Required work:
Copying rule for the data below: pictures stay out, and only the lines from the one with "Opening up the" down to the one with "I have the ELF", inclusive, are repeated exactly.

Data records:
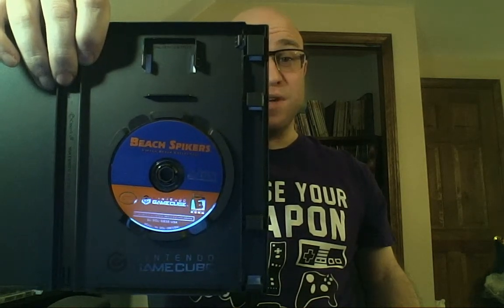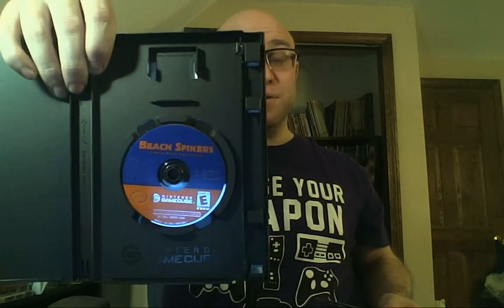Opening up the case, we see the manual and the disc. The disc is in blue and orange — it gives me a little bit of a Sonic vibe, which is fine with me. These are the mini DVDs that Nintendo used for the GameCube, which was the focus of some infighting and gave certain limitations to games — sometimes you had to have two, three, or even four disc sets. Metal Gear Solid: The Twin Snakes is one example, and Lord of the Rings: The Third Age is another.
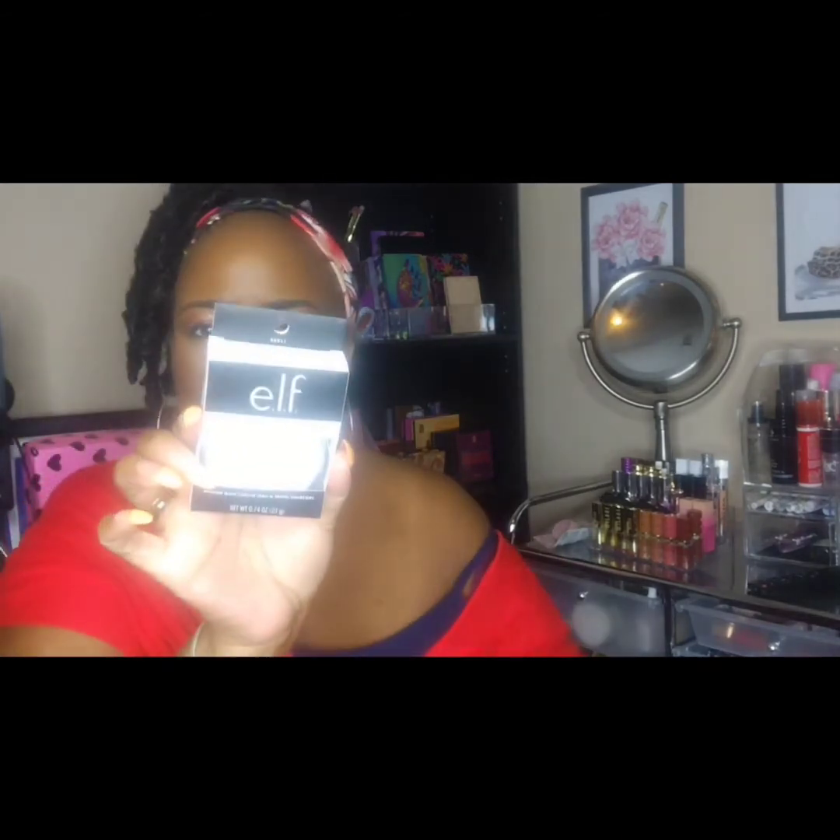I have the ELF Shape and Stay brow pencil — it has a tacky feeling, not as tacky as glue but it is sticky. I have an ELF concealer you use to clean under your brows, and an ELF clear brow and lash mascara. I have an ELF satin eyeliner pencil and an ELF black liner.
--
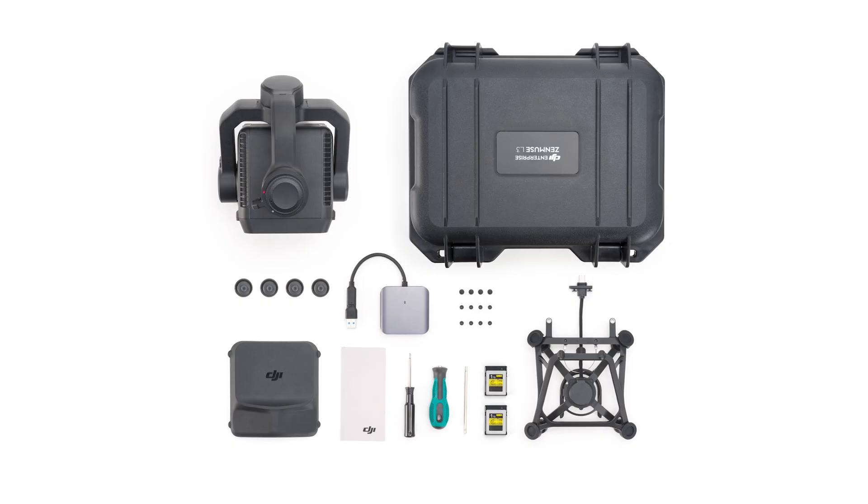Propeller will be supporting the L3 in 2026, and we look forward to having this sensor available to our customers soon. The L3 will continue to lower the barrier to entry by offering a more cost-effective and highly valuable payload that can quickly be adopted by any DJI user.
* * *
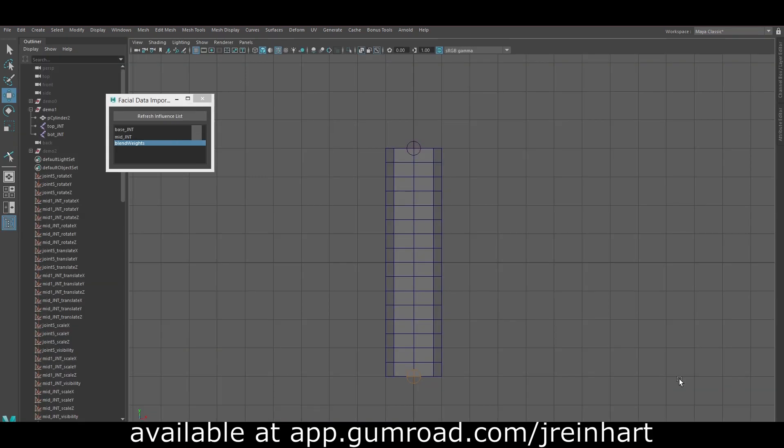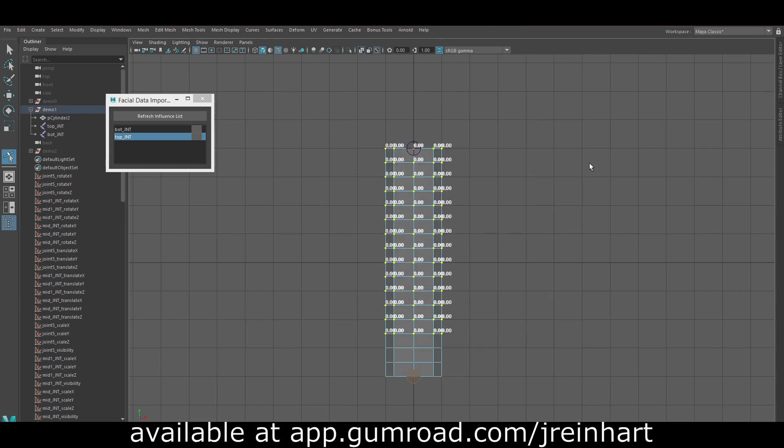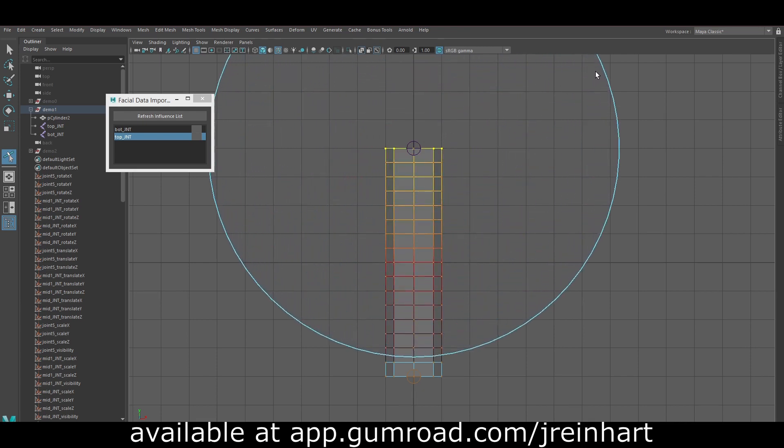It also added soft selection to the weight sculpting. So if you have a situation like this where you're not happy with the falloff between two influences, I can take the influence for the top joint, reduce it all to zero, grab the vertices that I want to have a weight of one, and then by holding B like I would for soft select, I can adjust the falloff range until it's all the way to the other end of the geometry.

Written response:
Opening up the case, we see the manual and the disc. The disc is in blue and orange — it gives me a little bit of a Sonic vibe, which is fine with me. These are the mini DVDs that Nintendo used for the GameCube, which was the focus of some infighting and gave certain limitations to games — sometimes you had to have two, three, or even four disc sets. Metal Gear Solid: The Twin Snakes is one example, and Lord of the Rings: The Third Age is another.
I have the ELF Shape and Stay brow pencil — it has a tacky feeling, not as tacky as glue but it is sticky. I have an ELF concealer you use to clean under your brows, and an ELF clear brow and lash mascara. I have an ELF satin eyeliner pencil and an ELF black liner.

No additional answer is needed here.